=== Begin Enclosure ===

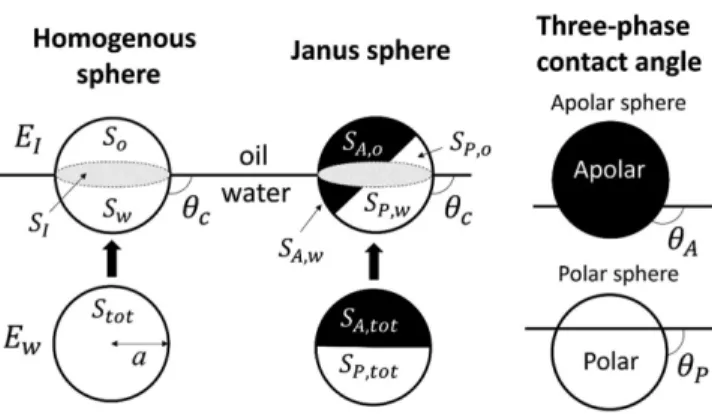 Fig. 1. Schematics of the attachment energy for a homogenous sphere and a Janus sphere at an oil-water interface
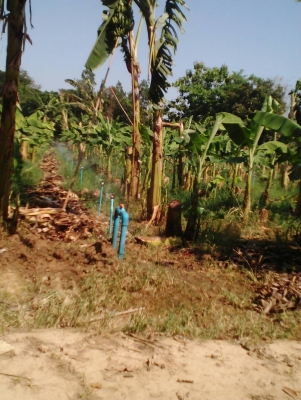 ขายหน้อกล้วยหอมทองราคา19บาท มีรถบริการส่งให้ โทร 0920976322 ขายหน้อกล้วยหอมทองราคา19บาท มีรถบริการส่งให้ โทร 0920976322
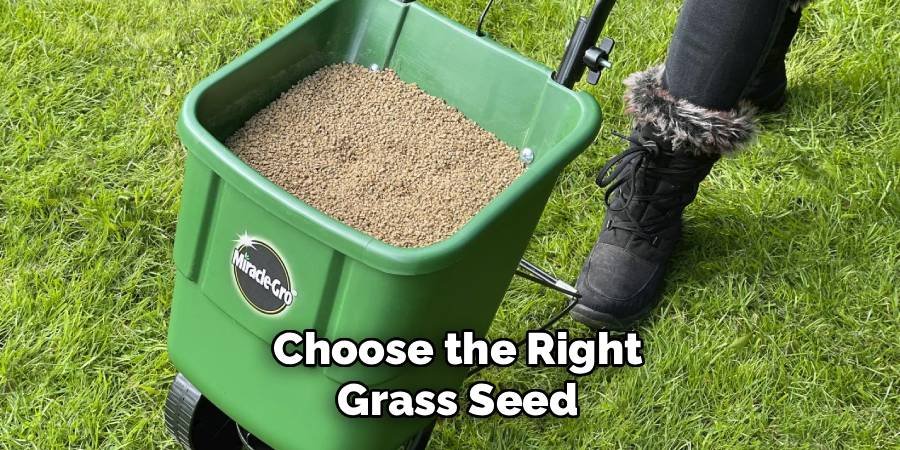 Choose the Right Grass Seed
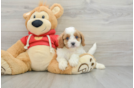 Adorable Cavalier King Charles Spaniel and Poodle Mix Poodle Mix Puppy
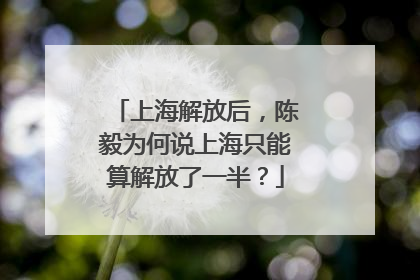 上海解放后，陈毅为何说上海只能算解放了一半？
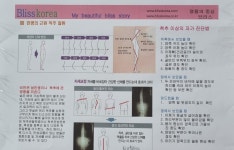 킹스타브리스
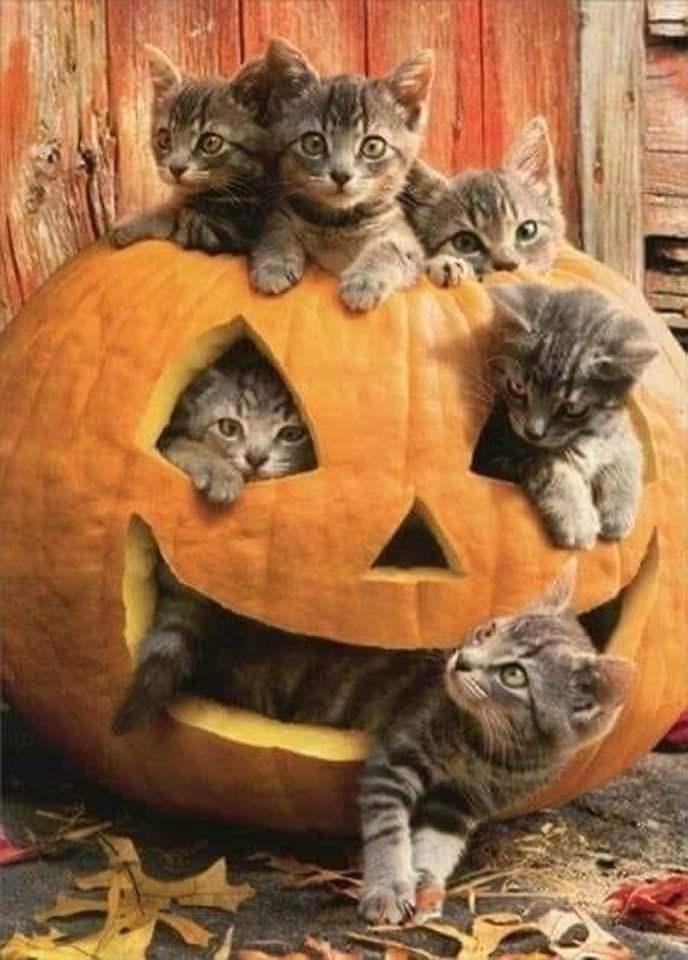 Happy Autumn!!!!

=== End Enclosure ===

## GOAL OF THE EXERCISE
Reproduce only the lines between the line with "Adorable Cavalier King" and the final line of the records, both included, so that the copy matches them exactly and contains no pictures.

## WRITTEN ANSWER
 Adorable Cavalier King Charles Spaniel and Poodle Mix Poodle Mix Puppy
 上海解放后，陈毅为何说上海只能算解放了一半？
 킹스타브리스
 Happy Autumn!!!!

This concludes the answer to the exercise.